Verizon is planning several network upgrades that will support new services such as optical VPNs and high-speed home networking, as well as to reduce data replication among multiple services.
On its national optical network, Verizon is installing reconfigurable optical add/drop multiplexers (ROADMs) and plans to migrate to wavelength switching to support automated operations and provisioning, says Mark Wegleitner, Verizon senior vice president and CTO. Wegleitner made his remarks during a keynote presentation at the Next Generation Networks 2005 conference in Washington, D.C., this week.
Verizon is looking at Generalized MPLS-based control in the optical layer to facilitate bandwidth-on-demand and optical VPNs, Wegleitner says.
"There's no reason you couldn't have an optical VPN" as well as an IP VPN, he says. He did not provide a timeframe for the launch of an optical VPN service.
According to reports, Tellabs will supply the ROADMs.
On the home networking front, Verizon plans to issue a Gigabit PON (GPON) RFP by the end of this year and to deploy the technology in the second half of 2006, Wegleitner says. GPON will support gigabit-per-second upstream and downstream speeds, effectively doubling and quadrupling the bandwidth delivered by the broadband PON (BPON) technology currently deployed in Verizon's Fiber-to-the-Premises (FTTP) consumer and small business broadband buildouts, he says.
GPON will also support full IPTV implementation even though Verizon doesn't see those implementations for another two years.
"We don't think IPTV is ready for prime time yet," Wegleitner says. "We are eager to embrace it when it's ready for deployment."
Verizon is currently deploying an overlay wavelength carrying an 850 MHz RF signal to deliver broadcast TV into homes.
Verizon also plans to install a managed Broadband Home Router (BHR) in residences to support bandwidths of 100M bit/sec or more, Wegleitner says. The carrier is leaning towards technology endorsed by the Multimedia Over Coax Alliance (MoCA) to deliver those kinds of bandwidths, he says.
MoCA specifies a 270M-bit/sec throughput for DVD-quality entertainment and as a backbone for multiple wireless access points used to extend the reach of wireless throughout a home.
Verizon also plans to develop a so-called CPE Management System for managing the BHR as well as other home devices, Wegleitner says.

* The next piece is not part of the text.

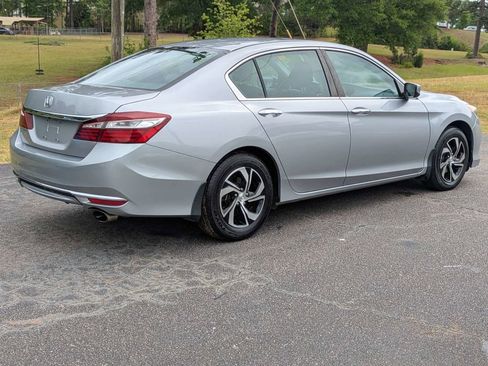 Used 2016 Honda Accord LX image 6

On a large scale, Verizon is looking to integrate separate service "silos" -- individual voice, wireless, data and video application server and database infrastructures -- into a consolidated structure that eliminates server duplications and replicated PIN, message store, calendar and profile data, Wegleitner says. This will enable the carrier to administer user data through a User Interface Manager that accesses profile, calendaring, message store and PIN data running on hard drives on a small number of Service Manager servers, he says.
It will also enable the Verizon network to become access agnostic, Wegleitner says.
Wegleitner says Verizon has a "positive impression" of the IP Multimedia Subsystem (IMS) specification from the Third-generation Partnership Project (3GPP) for multimedia-enabling the PSTN. But it still needs some attention, he says.
"We're very eager to take it up a notch or two to make it more robust that it is today," he says.
At the NGN conference this week, some assail that IMS architecture as giving too much control of the customer experience to carriers.